So the first thing finding information, most people say they can't find information, it's complexity, microservice, sprawl information, sprawl. You have 10 different tools like we talked about developers just wanna be able to go to one place and find information, what's out there. What does it do? Who owns it? Who can I talk to? Where is it deployed? Can I find all that information in a single place? And if I have that, then so many different processes can be built on top of that.

And so the number thing that one thing that we hear is finding information as a pain. The second thing and we're seeing this kind of trending over time is as information becomes more and more difficult to find prioritization is becoming more important. Because now you have platform teams asking things of people, you have SRE teams asking things of people, security teams are ok. What do I do? Like, I've got so many things on my plate. What do I work on?

And so giving developers clear prioritization around the things that they should be focused on what they should be working on can be and should be one of the things that developer portal solves for. We kind of secondary to that. We also hear that there's a lot of noise from many tools you have your security to tools yelling at you. Datadogs are in Splunk and PagerDuty and all these other tools are yelling at you about something.

You just have a lot of information and again, back going back to that signal to noise, there's a ton of things happening. So how do you assess all that information and make informed decisions about what you should be working on? And developers are telling us that noise from those tools is making it very difficult to figure out what should I be working on.

And finally templating golden paths, self serve. So an IDP should give people an easy way to get started with things to scaffold things to self serve. It's like, hey, if you're asking me to do things, make it easy for me to do those things. So if I'm starting up something new, if I'm starting a new project, if I'm adding things or projects, can you make it easy for me to go and do those things?

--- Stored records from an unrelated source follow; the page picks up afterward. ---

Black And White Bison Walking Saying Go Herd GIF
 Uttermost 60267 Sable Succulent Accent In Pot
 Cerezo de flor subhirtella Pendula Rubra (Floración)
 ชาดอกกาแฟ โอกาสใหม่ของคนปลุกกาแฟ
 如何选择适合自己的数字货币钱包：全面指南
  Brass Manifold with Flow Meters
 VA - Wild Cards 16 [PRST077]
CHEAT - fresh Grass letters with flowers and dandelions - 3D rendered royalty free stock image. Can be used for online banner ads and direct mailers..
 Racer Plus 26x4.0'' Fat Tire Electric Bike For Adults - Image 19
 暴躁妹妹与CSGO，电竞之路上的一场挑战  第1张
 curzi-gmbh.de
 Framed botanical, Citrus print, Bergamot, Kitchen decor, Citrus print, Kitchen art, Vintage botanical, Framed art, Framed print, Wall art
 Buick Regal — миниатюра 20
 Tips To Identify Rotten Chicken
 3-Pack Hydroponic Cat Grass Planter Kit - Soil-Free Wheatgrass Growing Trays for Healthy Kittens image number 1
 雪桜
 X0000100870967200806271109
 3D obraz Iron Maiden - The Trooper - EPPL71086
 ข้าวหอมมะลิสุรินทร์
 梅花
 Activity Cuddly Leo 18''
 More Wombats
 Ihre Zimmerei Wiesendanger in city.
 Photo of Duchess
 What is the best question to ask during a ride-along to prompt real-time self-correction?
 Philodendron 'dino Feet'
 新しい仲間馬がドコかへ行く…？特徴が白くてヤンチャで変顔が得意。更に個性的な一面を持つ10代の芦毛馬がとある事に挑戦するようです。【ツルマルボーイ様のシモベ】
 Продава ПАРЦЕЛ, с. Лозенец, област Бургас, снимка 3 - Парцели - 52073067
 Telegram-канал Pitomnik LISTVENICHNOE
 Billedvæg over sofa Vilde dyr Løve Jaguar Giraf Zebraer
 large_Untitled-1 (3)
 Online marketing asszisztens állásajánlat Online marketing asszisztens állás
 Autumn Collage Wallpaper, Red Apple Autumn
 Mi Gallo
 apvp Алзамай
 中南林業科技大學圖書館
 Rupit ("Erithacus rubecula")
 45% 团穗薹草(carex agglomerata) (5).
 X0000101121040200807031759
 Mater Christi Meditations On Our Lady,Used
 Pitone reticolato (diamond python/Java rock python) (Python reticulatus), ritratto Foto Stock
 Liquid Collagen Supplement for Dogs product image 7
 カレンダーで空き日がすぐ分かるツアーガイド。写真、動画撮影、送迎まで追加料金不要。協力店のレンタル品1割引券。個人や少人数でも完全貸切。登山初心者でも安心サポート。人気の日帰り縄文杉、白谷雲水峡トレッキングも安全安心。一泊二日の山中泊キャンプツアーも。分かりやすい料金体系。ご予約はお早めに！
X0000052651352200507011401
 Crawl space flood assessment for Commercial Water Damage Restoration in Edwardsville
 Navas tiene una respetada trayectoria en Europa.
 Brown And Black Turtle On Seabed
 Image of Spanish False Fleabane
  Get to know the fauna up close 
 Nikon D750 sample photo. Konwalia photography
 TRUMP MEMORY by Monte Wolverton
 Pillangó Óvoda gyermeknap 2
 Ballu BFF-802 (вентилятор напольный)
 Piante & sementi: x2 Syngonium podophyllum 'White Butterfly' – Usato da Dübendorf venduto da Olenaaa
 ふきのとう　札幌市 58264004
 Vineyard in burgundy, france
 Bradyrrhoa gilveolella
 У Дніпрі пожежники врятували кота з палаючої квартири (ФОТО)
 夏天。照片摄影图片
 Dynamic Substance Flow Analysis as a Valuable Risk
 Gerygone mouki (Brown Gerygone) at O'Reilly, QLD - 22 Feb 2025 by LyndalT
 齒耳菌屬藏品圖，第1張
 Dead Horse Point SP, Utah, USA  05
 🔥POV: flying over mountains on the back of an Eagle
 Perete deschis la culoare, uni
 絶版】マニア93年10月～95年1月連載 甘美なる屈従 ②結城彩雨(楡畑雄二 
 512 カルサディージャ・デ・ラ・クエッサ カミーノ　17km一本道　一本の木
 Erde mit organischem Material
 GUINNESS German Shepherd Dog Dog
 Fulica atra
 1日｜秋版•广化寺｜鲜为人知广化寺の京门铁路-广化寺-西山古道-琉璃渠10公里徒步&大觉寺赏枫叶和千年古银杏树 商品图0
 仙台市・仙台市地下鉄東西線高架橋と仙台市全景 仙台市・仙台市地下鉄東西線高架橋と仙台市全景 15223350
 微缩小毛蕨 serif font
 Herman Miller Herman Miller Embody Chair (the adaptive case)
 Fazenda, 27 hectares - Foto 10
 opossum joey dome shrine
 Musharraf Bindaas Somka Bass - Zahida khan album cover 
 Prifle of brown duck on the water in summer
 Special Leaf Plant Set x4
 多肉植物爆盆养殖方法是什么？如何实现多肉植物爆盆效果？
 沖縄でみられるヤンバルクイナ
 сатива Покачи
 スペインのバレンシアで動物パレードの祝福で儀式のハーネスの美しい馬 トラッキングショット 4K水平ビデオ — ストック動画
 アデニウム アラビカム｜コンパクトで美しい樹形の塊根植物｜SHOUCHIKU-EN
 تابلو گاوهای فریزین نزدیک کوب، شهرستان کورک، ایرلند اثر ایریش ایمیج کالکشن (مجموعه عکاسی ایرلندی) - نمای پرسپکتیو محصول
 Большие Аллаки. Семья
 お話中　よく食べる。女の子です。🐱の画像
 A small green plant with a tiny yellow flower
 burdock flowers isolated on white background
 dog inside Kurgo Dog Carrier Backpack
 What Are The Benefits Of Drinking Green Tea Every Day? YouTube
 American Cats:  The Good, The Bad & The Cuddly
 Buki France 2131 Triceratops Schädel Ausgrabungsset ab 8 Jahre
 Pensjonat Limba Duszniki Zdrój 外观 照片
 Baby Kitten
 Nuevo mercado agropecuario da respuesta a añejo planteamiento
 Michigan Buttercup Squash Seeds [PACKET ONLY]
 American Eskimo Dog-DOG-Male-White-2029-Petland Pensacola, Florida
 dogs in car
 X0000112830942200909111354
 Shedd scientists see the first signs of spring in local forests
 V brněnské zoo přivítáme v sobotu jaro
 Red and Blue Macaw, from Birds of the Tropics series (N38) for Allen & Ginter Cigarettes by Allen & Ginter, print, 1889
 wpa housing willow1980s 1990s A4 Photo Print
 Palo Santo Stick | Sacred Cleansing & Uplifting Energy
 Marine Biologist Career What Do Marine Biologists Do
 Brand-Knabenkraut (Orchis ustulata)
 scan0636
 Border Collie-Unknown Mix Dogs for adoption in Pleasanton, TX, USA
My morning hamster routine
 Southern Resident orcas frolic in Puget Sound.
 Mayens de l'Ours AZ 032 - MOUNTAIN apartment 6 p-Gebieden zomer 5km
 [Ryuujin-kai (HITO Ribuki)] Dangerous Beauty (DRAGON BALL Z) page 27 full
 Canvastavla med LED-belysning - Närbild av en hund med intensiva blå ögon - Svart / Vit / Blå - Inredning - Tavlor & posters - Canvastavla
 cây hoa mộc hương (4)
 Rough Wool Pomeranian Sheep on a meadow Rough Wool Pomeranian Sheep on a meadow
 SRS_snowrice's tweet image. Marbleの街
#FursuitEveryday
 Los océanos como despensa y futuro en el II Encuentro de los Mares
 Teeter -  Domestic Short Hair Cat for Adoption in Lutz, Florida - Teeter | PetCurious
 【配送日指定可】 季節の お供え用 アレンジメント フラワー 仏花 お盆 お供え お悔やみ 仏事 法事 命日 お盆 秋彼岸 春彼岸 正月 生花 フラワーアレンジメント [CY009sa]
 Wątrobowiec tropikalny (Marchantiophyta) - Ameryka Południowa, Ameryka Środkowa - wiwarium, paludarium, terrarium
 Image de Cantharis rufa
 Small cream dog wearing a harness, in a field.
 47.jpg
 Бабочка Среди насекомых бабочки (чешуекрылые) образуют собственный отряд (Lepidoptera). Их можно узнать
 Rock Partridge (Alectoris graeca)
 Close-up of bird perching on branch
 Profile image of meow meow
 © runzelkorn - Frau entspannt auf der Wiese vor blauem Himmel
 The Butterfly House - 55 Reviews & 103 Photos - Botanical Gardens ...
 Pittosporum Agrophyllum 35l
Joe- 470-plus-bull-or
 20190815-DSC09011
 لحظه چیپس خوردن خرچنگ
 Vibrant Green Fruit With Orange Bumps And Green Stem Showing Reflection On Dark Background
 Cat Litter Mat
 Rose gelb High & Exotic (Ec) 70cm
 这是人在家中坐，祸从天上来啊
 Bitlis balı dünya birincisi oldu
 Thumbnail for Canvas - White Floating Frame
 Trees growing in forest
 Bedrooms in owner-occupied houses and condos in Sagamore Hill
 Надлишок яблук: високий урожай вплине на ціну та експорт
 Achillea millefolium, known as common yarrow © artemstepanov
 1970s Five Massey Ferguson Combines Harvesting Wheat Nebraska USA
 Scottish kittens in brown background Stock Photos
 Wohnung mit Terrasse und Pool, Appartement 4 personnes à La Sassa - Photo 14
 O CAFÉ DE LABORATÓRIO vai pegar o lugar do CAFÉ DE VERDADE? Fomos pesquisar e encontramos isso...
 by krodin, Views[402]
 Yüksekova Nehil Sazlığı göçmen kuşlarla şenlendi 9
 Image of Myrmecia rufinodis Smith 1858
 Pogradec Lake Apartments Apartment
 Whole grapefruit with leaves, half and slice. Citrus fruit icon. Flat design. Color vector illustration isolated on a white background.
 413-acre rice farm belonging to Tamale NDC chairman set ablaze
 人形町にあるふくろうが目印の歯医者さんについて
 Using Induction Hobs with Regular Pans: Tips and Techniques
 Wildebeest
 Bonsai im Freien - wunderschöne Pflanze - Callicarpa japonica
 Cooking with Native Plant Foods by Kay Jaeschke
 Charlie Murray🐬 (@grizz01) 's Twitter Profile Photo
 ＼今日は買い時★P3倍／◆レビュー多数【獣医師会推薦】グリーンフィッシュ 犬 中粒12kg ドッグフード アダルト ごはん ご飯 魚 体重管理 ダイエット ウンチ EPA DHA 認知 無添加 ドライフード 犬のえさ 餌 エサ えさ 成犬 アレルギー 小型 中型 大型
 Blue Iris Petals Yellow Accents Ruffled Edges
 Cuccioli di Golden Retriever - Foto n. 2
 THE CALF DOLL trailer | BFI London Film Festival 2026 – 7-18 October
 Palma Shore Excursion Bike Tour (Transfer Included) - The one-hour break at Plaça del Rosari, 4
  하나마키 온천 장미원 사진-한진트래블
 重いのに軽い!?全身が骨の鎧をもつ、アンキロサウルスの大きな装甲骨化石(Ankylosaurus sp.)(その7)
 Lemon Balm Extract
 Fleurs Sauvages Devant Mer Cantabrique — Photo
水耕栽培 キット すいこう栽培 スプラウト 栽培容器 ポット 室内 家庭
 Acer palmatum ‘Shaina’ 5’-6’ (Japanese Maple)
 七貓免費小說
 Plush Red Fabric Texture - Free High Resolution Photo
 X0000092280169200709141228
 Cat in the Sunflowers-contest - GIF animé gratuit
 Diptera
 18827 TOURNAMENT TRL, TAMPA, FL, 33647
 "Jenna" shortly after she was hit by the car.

And so where does Cortex fit in? How does develop a portal? How does Cortex help you with some of these initiatives? And so the way we think about this is we actually think take those core concepts from IDP and we expand and build upon that. And so the system of record is the core foundation of this.

So and so the way we think about the system of record is how much of it can we automate? So can we pull information from your existing integrations your text stacks? And instead of you telling us a bunch of information, can we go out and help you discover a lot of this information and pull it into a single place while giving the flexibility and the sensibility to define your data models the way you see fit.

So how you talk about your, your organization, how you talk about your taxonomy, giving that flexibility while underlying that with all the different integrations that we can find information for you and keep it up to date, which is one of the biggest problems. This is my record is I've got a bunch of data.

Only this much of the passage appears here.